Posts Tagged ‘Independence Day’

The 4th Of July

Friday, July 4th, 2008

On this day, two hundred and thirty two years ago, the representatives of the States that comprised the Continental Congress issued a Declaration of Independence. Despite historical glorifications of the event, not all of the States representatives were for the Declaration. In truth, numerous delegations from various States were opposed to it and eventually signed only after a lengthy process of politicking.

As most are aware, Thomas Jefferson penned the Declaration, though it is believed that others made amendments to its language. The most brilliant and universal passage from the Declaration reads…

“We hold these truths to be self-evident, that all men are created equal, that they are endowed by their Creator with certain unalienable Rights, that among these are Life, Liberty and the pursuit of Happiness.”

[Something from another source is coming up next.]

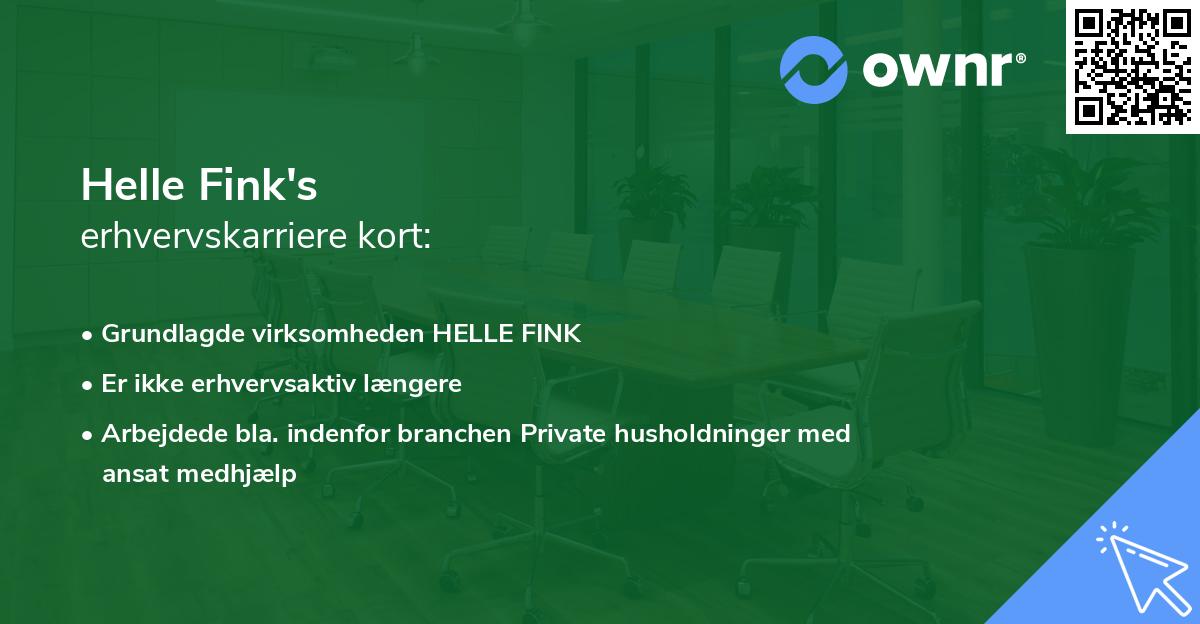 Helle Fink's erhvervskarriere kort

Despite this statement, both the document’s author, and those that signed it, refused to apply its maxim to those in bondage. That is not to say that there weren’t those that raised the question of its hypocrisy, only that the importance of the Declaration being issued was their foremost concern, and that to address the issue of slavery would have caused numerous southern States to disengage themselves from the process being that their economies relied on slave labour. Thus, while the statement is one of the most powerful included in any political document in modern history, it is ultimately little more than convenient eloquence as it failed to live up to its universal proposition.

When John and Abigail Adams first inhabited The White House, as Adams was the first President to do so, they found themselves in a building still under construction, one completely surrounded by mud. In that mud were the tents of the African American slaves used to construct it. Thus, while the second President of the United States conducted his daily business, he did so while slaves laboured to finish the building in which he sat.

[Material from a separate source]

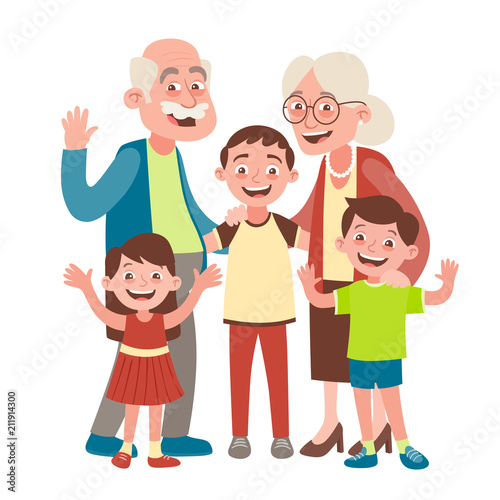 Grandparents, grandson and two grandchildren portrait. Happy grandparents day concept. Vector illustration in cartoon style, isolated on white background.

I mention this, it being the 4th of July, to demonstrate a point. That even the best intentioned of men are ultimately governed more by agenda than conscience, and that it is crucial that we never overlook that reality, for it is just as prevalent now as it was then.

Agenda leads nations to war. Conscience avoids it at all costs. Agenda allows a nation to exist for eighty-seven years without addressing the evils of slavery. Conscience dictates that such a thing is impossibility.

The government of the United States, though celebrated as democratic from its birth, has always been plutocratic, and therefore entirely adherent to the strictures of agenda. For true democracy is a thing of conscience, and if not, then something altogether different.